A previous looked at the recently released Quarterly Census Employment Wages data. That data, released by the BLS, breaks down average wages for every county in the country by industry. It’s a useful data point, but some comments I read on-line noted that the average is not the best metric to measure wages, and instead we should look at median wages. True, median is a better metric (here is a 2008 post from Lane Kentworthy, and a 2011 article from Uwe E. Reinhardt that look at the fallibility of the average wage metric.)

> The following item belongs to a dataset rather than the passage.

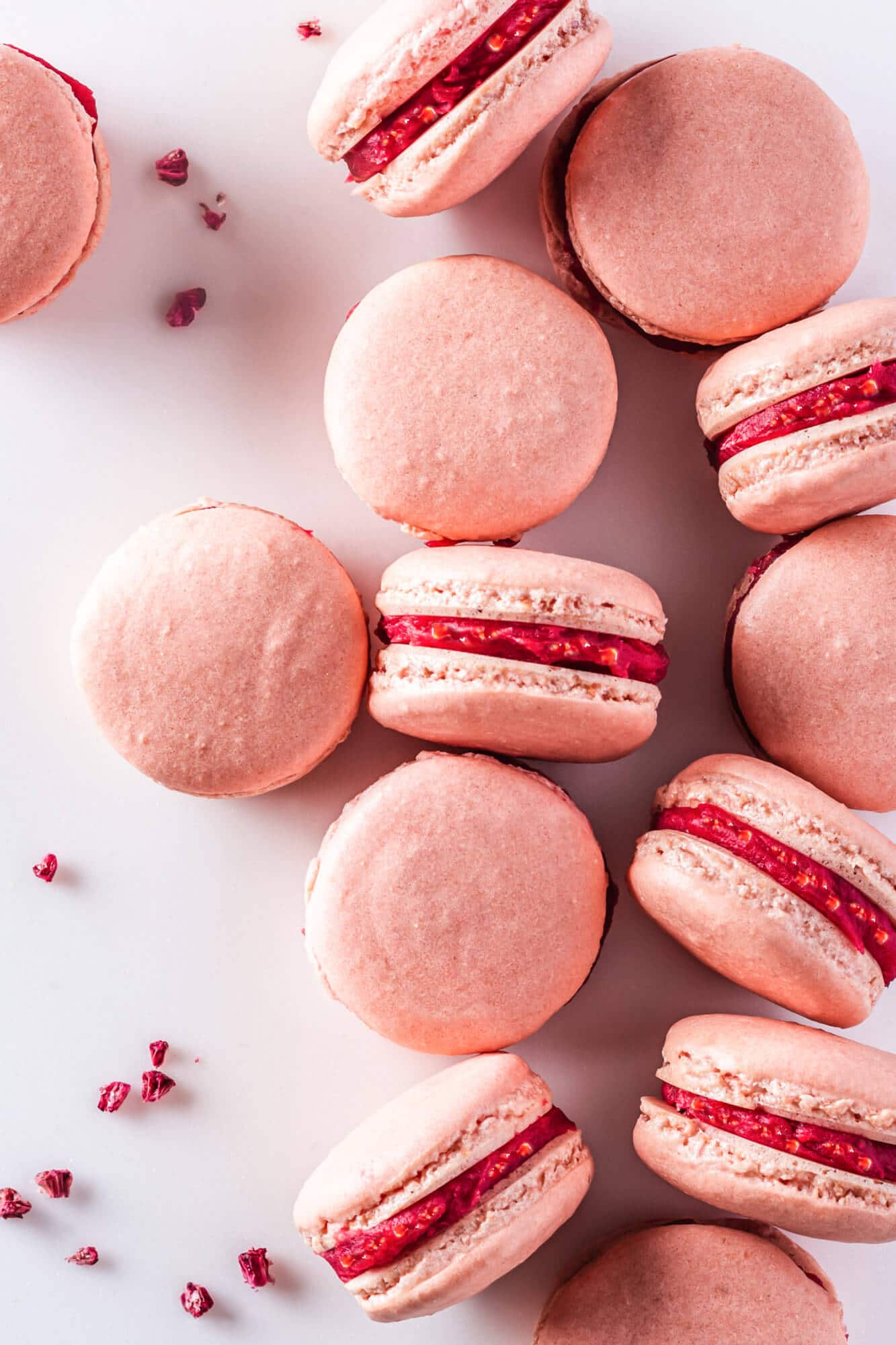 Raspberry macarons with jam filling.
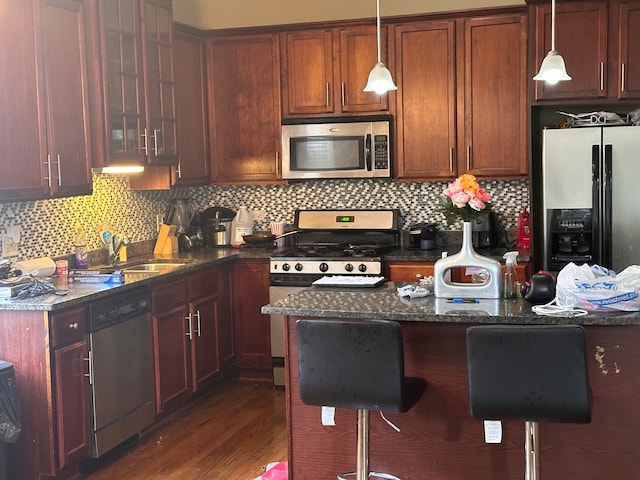 kitchen with stainless steel appliances, tasteful backsplash, dark stone countertops, and a breakfast bar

However, while median wages are preferable, median wages at the state level are released once a year by the BLS. Moreover, while the data is broken down by industry and metro area, they are not broken down by county. Similarly, the monthly jobs data reports on average hourly and weekly wages, and other reports use average rather than median. As a result, the availability of data requires the usage of average wage data rather than median.
There were a few other criticisms, such as the data did not compare industries, and it was not initially adjusted for the differences in cost of living between the six New England states. Below are the median wages for each major industry published by the BLS, adjusted for cost of living using the Missouri Economic Research and Information Center’s 2013 cost of living index. One thing not done below is track trends of wages over a time period rather than just look at a snapshot of data*.

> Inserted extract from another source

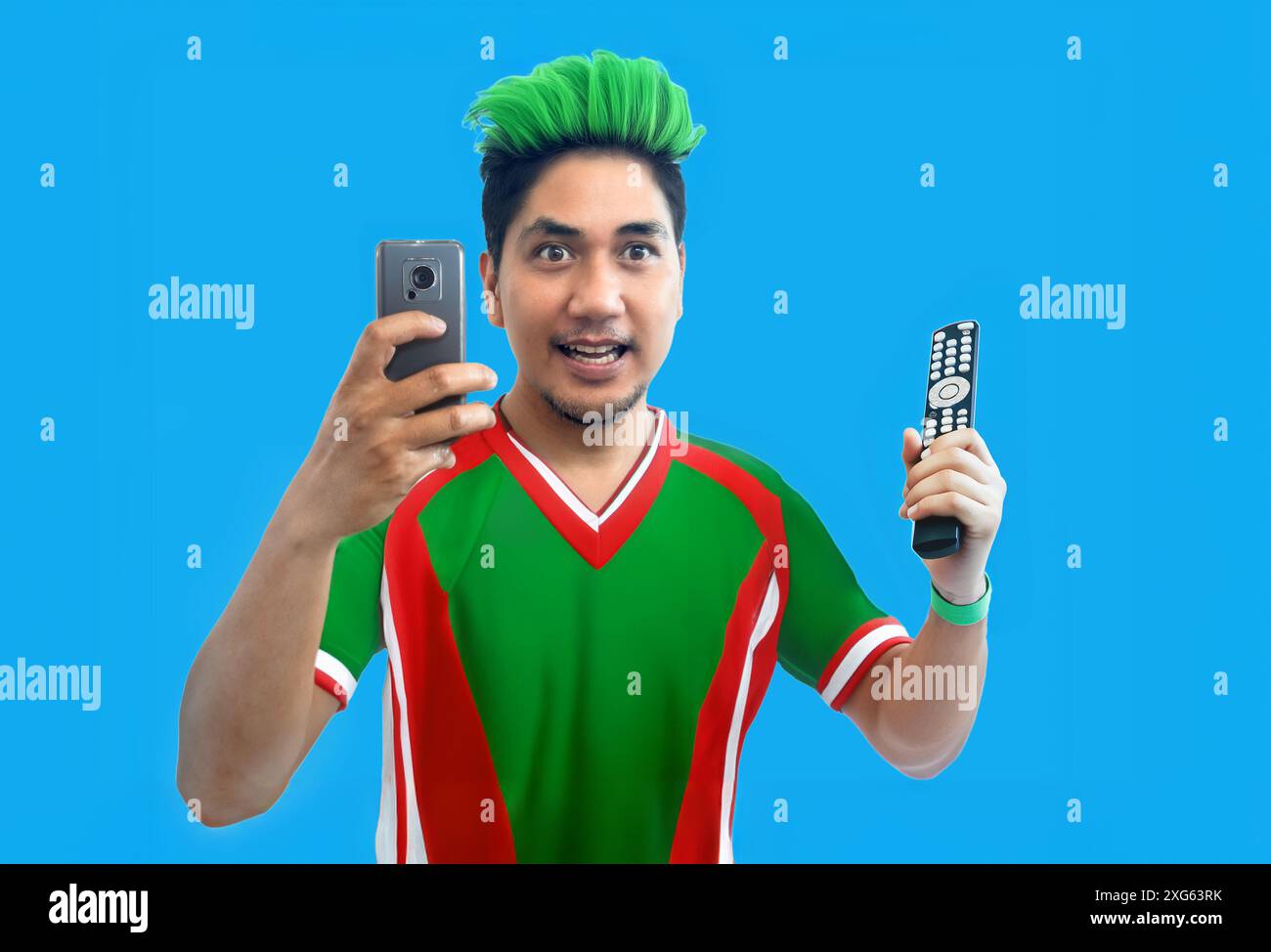 Asiatischer Mann im Fußball Protugal Trikot halten Handy und tv-Fernbedienung wie wie oder Siegerwette Spiel auf isoliertem Hintergrund Stockfoto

And finally, here’s the data. Maine ranks third for wages in all occupations, and ranks first in Farming, Fishing, and Forestry, Production, and Transportation and Material Moving occupations. Meanwhile, in the STEM related fields, where some argue Maine is facing a shortage of labor, the state lags the rest of New England, ranking 5th in Computer and Mathematics occupations and Life, Physical, and Social Science occupations, and 3rd in Architecture and Engineering occupations**.
(click images to enlarge)
*To track trends in wages I’d want to look at those trends pre-recession, and simply I haven’t had the time to compile 8 years of data for 6 states and 22 industries. Obviously looking at trends is more beneficial, but the above data does highlight where Maine stands relative to the rest of New England, and can lend some insight into the issues of brain drain and the like.
**As noted in a previous post, the issue with the STEM skills gap argument is that wags are not just low in Maine relative elsewhere, but that they are not accelerating as one would expect when a good or service becomes scarce and demand increase.